Somos feitos de luz e treva e no reconhecimento da própria treva estaremos mais irmanados e mais preparados para vislumbrar a luz que brilha em nós e nos outros. Somos feitos de noite e dia e a nossa consciência de ser torna-se possível, porque o ser só é ser, só acontece na complementaridade e como tal é de encontrar em todas as partes e não numa só parte (o existir do ser, tal como a moeda, só o é na expressão de duas faces!); creio que esta dicotomia do existir no ser (sombra e luz, terra e céu) só poderá ser sublimada através do amor, da com-paixão e da consciência de se ser parte no todo; e isto num todo a servir-nos e cada um de nós a servir o todo. Neste sentido serão transpostas as incompreensões e inimizades pessoais e sociais e também a luta escura entre os partidos se tornará diferente.
Desejo a todos uma Páscoa saboreada à sombra da Semana Santa. Se não fosse a luz não víamos a cruz e se não fosse a cruz não existiria a vida. Somos feitos de luz e treva, cientes de que o nevoeiro do dia (humildade) nos permite pressentir a beleza das cores que a vida encerra. De facto, o brilho das cores do arco-íris só é possível e reconhecido no fundo pardo da atmosfera!

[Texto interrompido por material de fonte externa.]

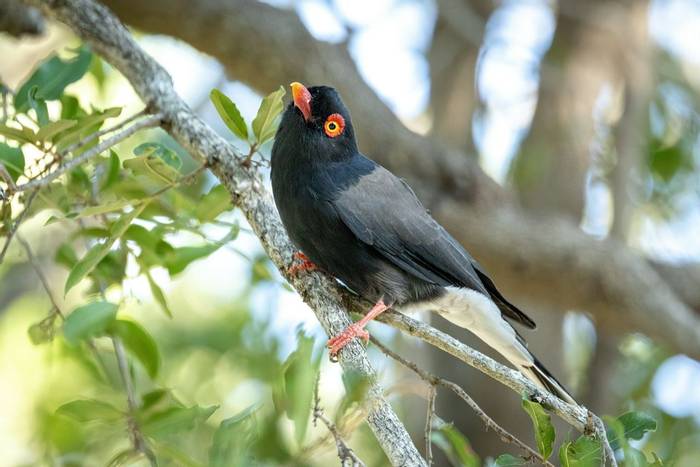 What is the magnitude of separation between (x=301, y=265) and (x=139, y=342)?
0.79 m

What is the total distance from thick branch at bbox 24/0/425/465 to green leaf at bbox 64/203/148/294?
429 mm

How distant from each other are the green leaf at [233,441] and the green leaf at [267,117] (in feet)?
4.30

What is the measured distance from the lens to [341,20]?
7020 millimetres

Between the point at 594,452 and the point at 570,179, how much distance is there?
4.79 m

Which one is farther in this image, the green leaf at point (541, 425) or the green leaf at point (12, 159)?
the green leaf at point (12, 159)

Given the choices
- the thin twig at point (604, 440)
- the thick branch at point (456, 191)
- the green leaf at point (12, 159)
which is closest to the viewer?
the thin twig at point (604, 440)

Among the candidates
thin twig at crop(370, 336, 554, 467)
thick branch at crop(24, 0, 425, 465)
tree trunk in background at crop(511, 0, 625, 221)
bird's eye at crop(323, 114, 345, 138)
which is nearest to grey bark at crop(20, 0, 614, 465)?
thick branch at crop(24, 0, 425, 465)

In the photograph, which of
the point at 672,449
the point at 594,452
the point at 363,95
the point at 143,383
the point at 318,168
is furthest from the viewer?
the point at 143,383

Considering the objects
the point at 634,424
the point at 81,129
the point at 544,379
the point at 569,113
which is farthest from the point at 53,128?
the point at 569,113

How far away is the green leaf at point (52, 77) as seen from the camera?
11.5ft

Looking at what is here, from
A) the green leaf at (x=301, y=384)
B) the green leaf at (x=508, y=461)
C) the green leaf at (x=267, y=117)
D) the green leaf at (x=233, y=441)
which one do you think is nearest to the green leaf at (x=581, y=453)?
the green leaf at (x=508, y=461)

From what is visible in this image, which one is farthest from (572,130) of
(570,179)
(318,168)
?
(318,168)

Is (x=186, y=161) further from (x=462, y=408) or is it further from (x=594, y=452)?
(x=594, y=452)

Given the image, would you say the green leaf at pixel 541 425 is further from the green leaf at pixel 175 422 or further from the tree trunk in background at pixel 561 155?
the tree trunk in background at pixel 561 155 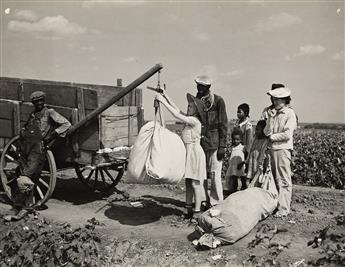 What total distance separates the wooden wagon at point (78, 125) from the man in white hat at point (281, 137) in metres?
1.85

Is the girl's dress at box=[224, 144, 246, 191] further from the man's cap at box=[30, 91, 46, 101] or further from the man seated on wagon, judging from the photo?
the man's cap at box=[30, 91, 46, 101]

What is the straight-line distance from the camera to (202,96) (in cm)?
579

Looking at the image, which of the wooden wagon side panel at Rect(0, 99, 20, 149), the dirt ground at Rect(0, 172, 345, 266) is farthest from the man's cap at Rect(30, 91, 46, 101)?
the dirt ground at Rect(0, 172, 345, 266)

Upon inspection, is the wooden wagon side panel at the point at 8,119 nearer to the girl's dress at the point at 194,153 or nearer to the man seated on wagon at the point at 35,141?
the man seated on wagon at the point at 35,141

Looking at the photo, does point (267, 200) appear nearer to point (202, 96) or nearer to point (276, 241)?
point (276, 241)

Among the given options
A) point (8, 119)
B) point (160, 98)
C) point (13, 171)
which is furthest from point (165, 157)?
point (8, 119)

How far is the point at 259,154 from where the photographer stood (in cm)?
605

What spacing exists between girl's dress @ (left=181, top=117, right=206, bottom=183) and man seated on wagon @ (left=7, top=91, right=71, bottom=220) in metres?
1.81

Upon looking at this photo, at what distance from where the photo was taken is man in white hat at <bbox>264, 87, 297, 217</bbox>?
5.66 meters

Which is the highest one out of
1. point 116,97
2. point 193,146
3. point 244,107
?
point 116,97

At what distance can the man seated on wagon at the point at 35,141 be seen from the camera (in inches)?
237

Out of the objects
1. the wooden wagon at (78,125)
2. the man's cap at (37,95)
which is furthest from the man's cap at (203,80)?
the man's cap at (37,95)

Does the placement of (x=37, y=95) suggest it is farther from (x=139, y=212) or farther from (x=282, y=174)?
(x=282, y=174)

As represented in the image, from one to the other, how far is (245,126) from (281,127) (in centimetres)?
130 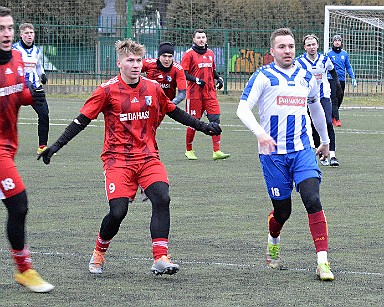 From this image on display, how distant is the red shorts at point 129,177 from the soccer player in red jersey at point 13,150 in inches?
33.9

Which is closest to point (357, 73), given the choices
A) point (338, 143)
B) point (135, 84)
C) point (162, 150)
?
point (338, 143)

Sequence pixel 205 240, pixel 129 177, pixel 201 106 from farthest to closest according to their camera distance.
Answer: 1. pixel 201 106
2. pixel 205 240
3. pixel 129 177

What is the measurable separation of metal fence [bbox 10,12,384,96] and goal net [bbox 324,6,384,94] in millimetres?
2319

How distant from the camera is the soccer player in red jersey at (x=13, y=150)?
725cm

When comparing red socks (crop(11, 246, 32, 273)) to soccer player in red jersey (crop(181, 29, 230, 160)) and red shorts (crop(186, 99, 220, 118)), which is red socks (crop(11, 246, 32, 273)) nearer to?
soccer player in red jersey (crop(181, 29, 230, 160))

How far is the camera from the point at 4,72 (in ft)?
24.2

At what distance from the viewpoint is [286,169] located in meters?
8.20

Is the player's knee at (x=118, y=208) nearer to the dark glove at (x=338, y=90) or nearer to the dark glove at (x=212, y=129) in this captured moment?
the dark glove at (x=212, y=129)

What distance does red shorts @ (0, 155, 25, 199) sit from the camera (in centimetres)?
721

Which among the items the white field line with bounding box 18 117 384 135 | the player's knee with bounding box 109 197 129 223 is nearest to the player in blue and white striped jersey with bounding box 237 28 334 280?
the player's knee with bounding box 109 197 129 223

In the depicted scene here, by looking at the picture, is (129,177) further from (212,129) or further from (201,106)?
(201,106)

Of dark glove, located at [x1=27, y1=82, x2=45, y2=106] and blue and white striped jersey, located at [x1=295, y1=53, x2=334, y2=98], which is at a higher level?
dark glove, located at [x1=27, y1=82, x2=45, y2=106]

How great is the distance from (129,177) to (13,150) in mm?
1010

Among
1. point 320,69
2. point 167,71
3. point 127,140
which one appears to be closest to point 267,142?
point 127,140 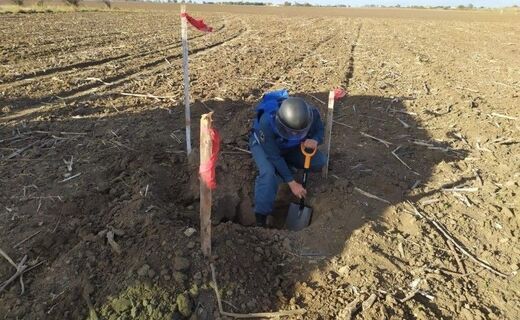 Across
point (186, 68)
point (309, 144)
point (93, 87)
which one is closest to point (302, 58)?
point (93, 87)

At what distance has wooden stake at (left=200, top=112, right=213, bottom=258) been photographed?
3.29 m

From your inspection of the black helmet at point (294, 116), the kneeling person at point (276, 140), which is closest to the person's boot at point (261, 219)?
the kneeling person at point (276, 140)

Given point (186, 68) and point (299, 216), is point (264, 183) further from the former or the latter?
point (186, 68)

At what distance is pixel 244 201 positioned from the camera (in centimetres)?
541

Se não fosse a luz não víamos a cruz! Se não fosse a noite não víamos o dia, se não fosse o dia não sentiríamos a noite. Importante é reconhecermo-nos e aceitarmo-nos do sermos feitos do que somos e do como somos.
Para todos, família e amigos, uma Páscoa feliz e que o sol da ressurreição nos vá iluminando a sexta-feira santa desta quarentena forçada que estamos a viver.
Jesus resurrexit sicut dixit, Alleluia! Para os que não creem podem saborear a simbologia que a tela da vida nos proporciona. No fundo, o que importa será ficarmo-nos pela luz do amor que em todos brilha.
Um grande abraço para todos
António da Cunha Duarte Justo
Teólogo e Pedagogo
Pegadas do Tempo
Obrigado pelo texto e pelos votos. É dessa forma que somos feitos e estaremos no bom caminho e o mundo seria de paz, se cada um de nós, no nosso dia a dia, aceitasse a diferença dos outros, como gostamos que aceitem a nossa. Boa continuação.